今夏予定の東京オリンピックは、コロナ禍の収束がまだ見えず、開催を懸念する声が出ているが、それは自分たちがコントロールできることではない、と小澤の気持ちははっきりしている。
「自分たちはオリンピックが開催されるというのを信じて活動をおこなっています。感染対策はずっと徹底していて、自分たちのチームからはコロナの陽性者は出ていないし、チームの活動が止まっていないのはすごくいいことだと思っています。自分たちは開催されるという思いで日々過ごしています」
今年5月で32歳になる小澤にとって、オリンピック挑戦は今回が最後になるかもしれない。
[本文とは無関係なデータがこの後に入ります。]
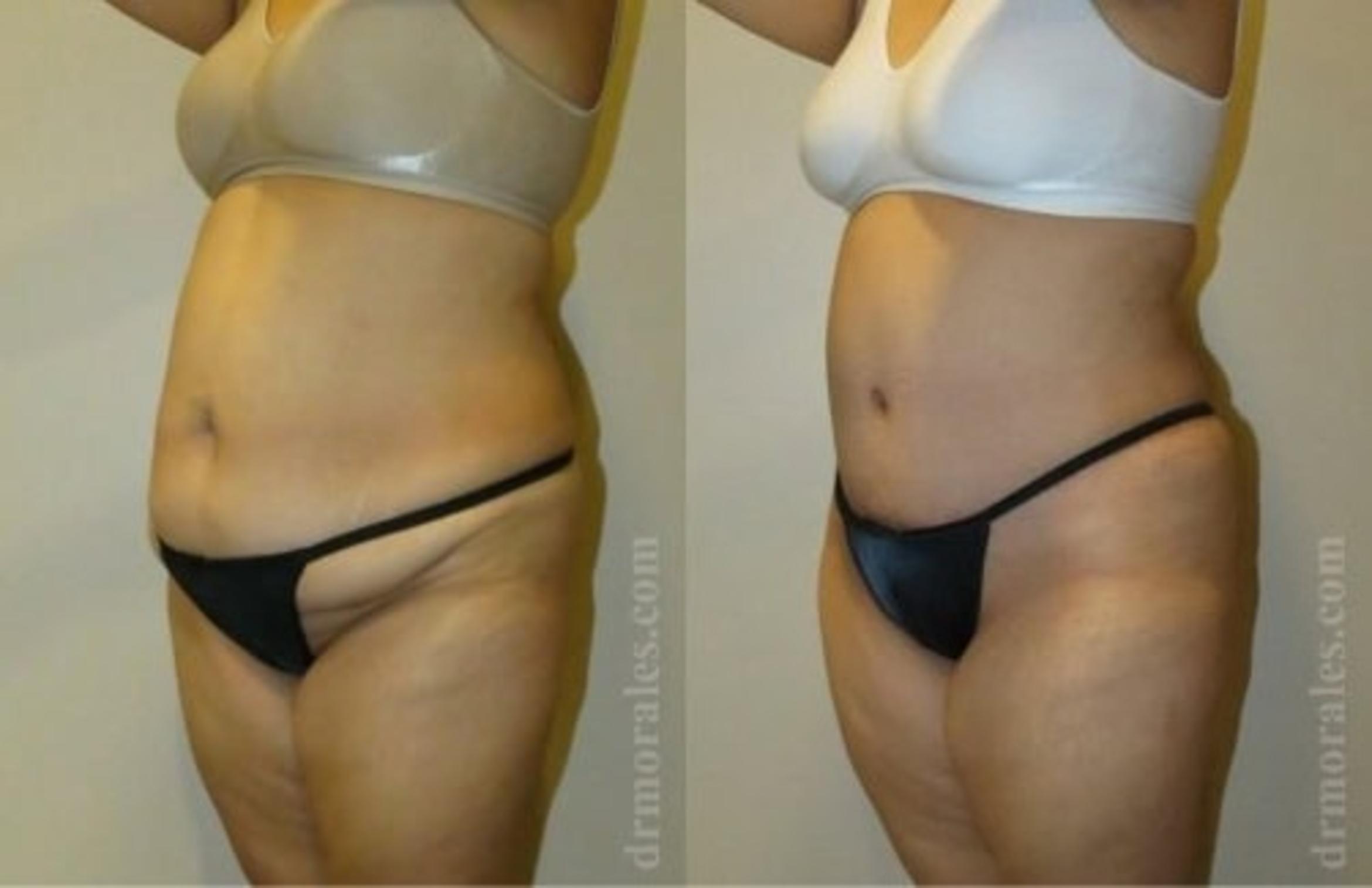 Before & After Tummy Tuck Case 524 View 1 View in Houston, TX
2016年のリオデジャネイロオリンピックには出場していない。
「リオで落選して、悔しい思いをしました」
トヨタ自動車ヴェルブリッツ所属だが、2018年から日本ラグビー協会と男子7人制日本代表チーム専任選手契約を結び、活動拠点は愛知から東京に移し、オリンピックを目指して努力を重ねてきた。仲間たちと切磋琢磨しながら、夢舞台へのメンバー入りをかけて必死だ。
「覚悟を持ってやっています」
自分が出場して、オリンピックでメダルを獲る。その日が来ることをイメージしながら、彼らアスリートたちは前を向いている。